Think back on times when actions in your team or home life didn’t match your stated values, especially when you just let them go. Notice exactly which issues you let slide, and make it your mission to call out one particularly damaging habit the very next time you see it—even if it’s awkward. When you step up and address small lapses, everyone learns what really matters.
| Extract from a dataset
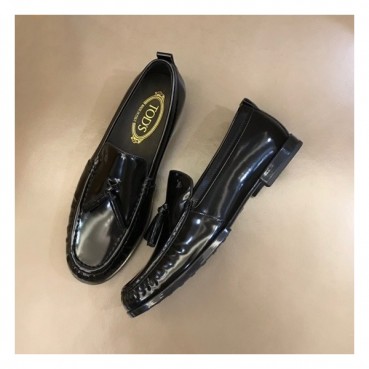 토즈 남성 블랙 테슬 로퍼 - Mens Black Loafer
Make a habit of it; you’ll see respect for shared standards rise and chaos diminish.

What You'll Achieve

Sharpen alignment between values and actions, foster trust through visible consistency, and build a culture where healthy confrontation keeps standards high.

Decide Which Infractions Can Never Slide

1

Recall recent incidents that conflicted with your group's stated values.

Think honestly about moments when you or others observed off-culture behavior and didn’t address it.

2

Reflect on why these behaviors were ignored or tolerated.

Ask if it was due to silence, lack of clarity, fear of confrontation, or prioritizing short-term comfort.

3

Pick one recurring, tolerated misbehavior to address directly.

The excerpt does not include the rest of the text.